According to many American music enthusiasts, Gnaoua has influenced American music of African descent, such as jazz and blues.
Rabat – CBS News, the most-watched network in the US, honored last week the 24th edition of Morocco’s Gnaoua and World Music Festival on its program 60 Minutes, the network’s Sunday broadcast.
During the program, 60 Minutes journalist Bill Whitaker explored the ways in which American music of African descent, including jazz and blues, has been influenced by the rhythms and sounds of Gnaoua.
“For many African Americans, these rhythms are familiar,” he said, pointing out that this musical expression traveled from African ports across the Atlantic to the US and contributed to the emergence of new art forms such as the blues.
The famous American actor and Gnaoua music enthusiast, Robert Wisdom, stated that the festival “was a starting point. It was a place where African Americans have a connection, which we are not really aware of.”
He went on to say that Gnaoua festival-goers feel the same connection with the blues of the past, Wisdom emphasized.

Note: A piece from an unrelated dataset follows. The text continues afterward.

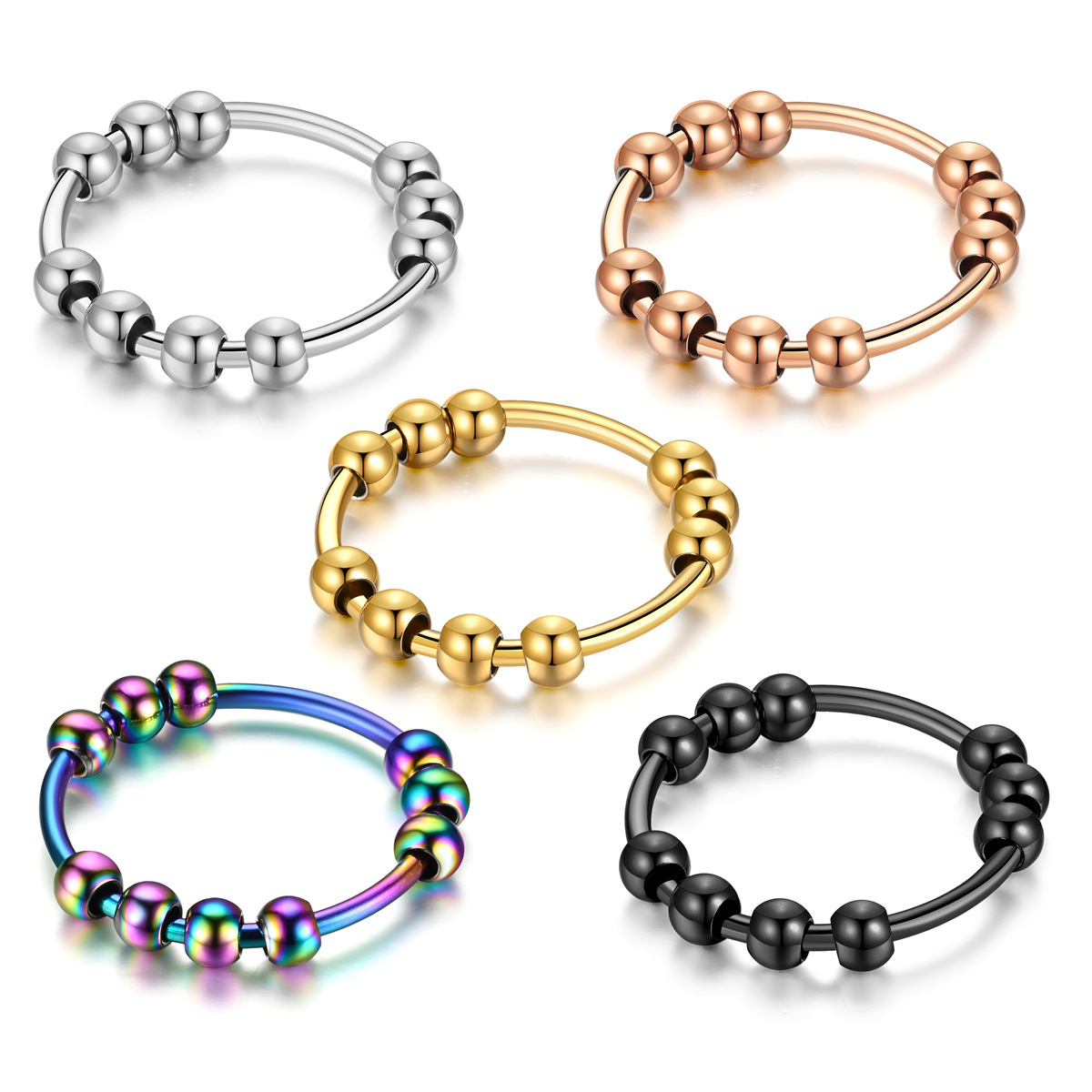 New Stainless Steel Beads Anxiety Rings Stress Relief Fidget Rings For Women Men INS Simple Style Fashion Jewelry Trend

The world-renowned Essaouira festival, one of the largest music festivals in Morocco, took place in June and attracted hundreds of thousands of fans, with a total of 480 musicians from Morocco and fifteen other countries playing world music in about 50 concerts.
Impressed by the skills of the Gnaoua artists, Sulaiman Hakim, a seasoned musical world traveler, expressed his enthusiasm about the fact that these masters play in complete harmony with any other musician.
Read also: The Soul of Gnaoua Comes to Life in Essaouira
Meanwhile, the “60 Minutes” correspondent noted that Morocco’s rich and diverse musical heritage has always attracted musicians, especially from the West.
In the 1960s, the presenter continued, jazz legend Randy Weston and rock ‘n’ roll giant Robert Plant fell under the spell of the Gnaoua art.
Gnaoua has been honored multiple times. Most recently, in 2019, Gnaoua music was added to the UNESCO list of intangible cultural heritage.
Every year, the Human Rights Forum of the Gnaoua World Music Festival organizes a free public space alongside musical performances, highlighting an additional aspect of the festival’s ideology, which aims to bridge the centuries-old history of Gnaoua music with world music.